* **Prompt**:
Pictures excluded, reproduce exactly the lines below from the one with "خزانة ملابس لوكاس" through the one with "Integrated full speed", both included.

* **Records for the exercise**:
——

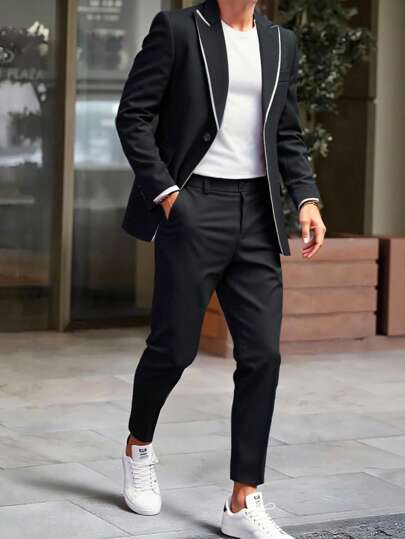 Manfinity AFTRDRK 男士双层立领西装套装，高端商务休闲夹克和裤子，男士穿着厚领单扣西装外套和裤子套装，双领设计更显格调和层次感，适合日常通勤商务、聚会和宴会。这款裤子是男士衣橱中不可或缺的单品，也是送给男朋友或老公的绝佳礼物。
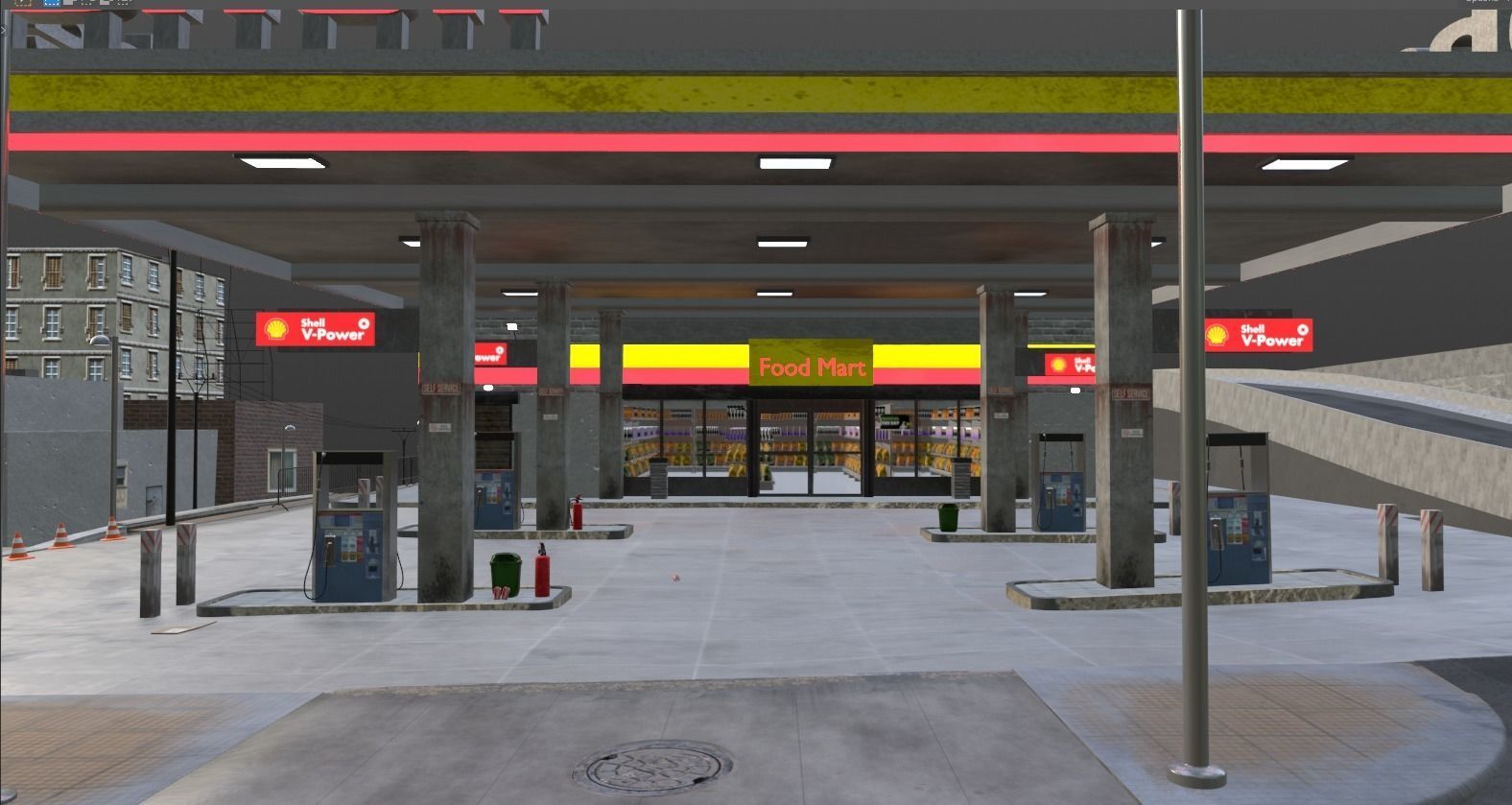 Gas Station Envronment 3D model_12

——

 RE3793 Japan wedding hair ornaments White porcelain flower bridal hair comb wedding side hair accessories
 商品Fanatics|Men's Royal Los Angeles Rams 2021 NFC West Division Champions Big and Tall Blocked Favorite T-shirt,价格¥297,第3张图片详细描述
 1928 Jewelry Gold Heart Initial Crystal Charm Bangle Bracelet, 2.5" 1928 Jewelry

——

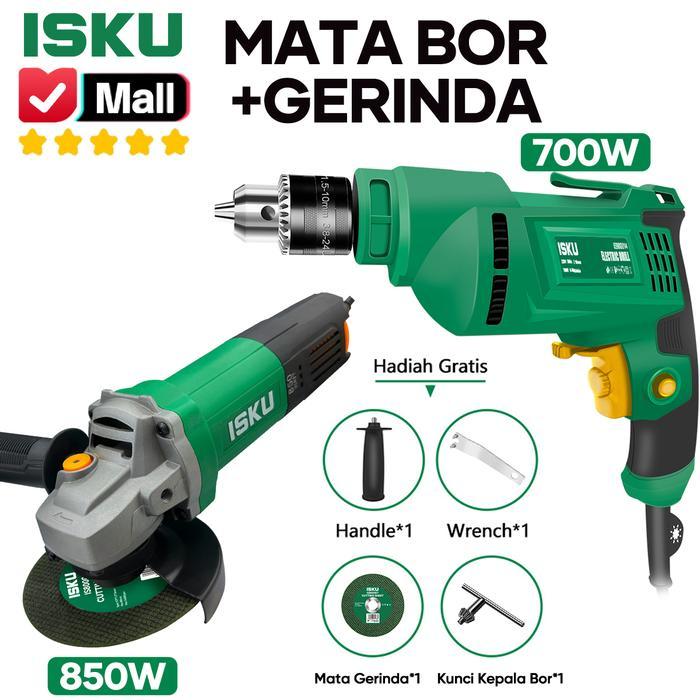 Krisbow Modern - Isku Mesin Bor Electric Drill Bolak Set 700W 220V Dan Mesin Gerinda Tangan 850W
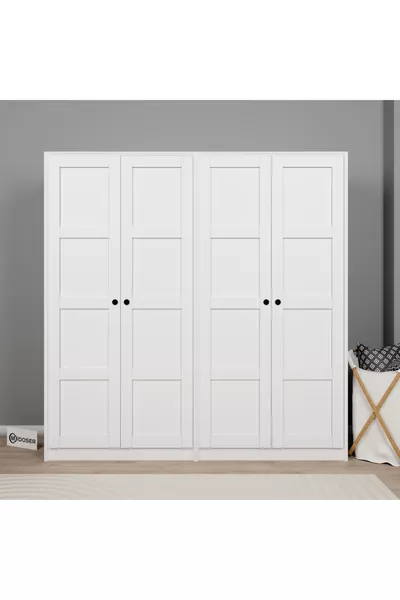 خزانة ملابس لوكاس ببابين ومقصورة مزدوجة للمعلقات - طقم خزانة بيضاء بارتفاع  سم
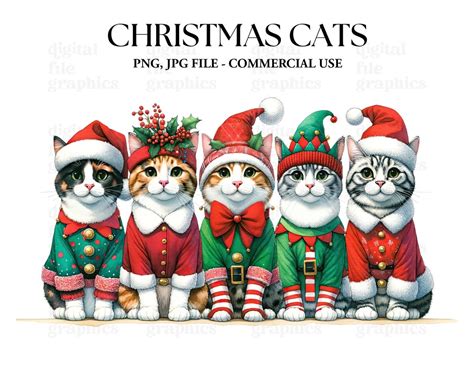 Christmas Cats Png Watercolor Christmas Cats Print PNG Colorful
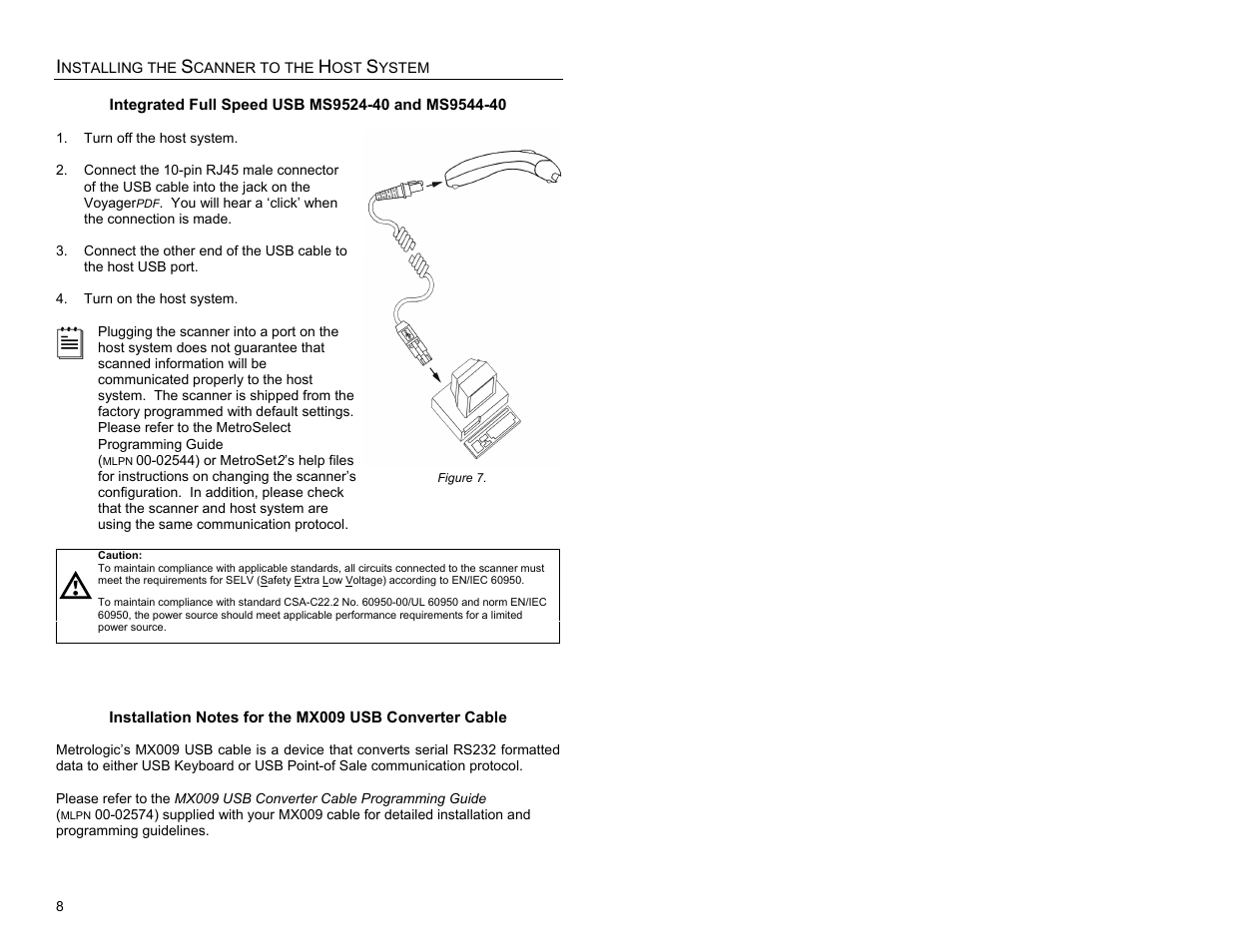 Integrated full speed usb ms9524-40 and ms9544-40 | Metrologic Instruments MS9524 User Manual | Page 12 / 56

——

* **Finished exercise**:
 خزانة ملابس لوكاس ببابين ومقصورة مزدوجة للمعلقات - طقم خزانة بيضاء بارتفاع  سم
 Christmas Cats Png Watercolor Christmas Cats Print PNG Colorful
 Integrated full speed usb ms9524-40 and ms9544-40 | Metrologic Instruments MS9524 User Manual | Page 12 / 56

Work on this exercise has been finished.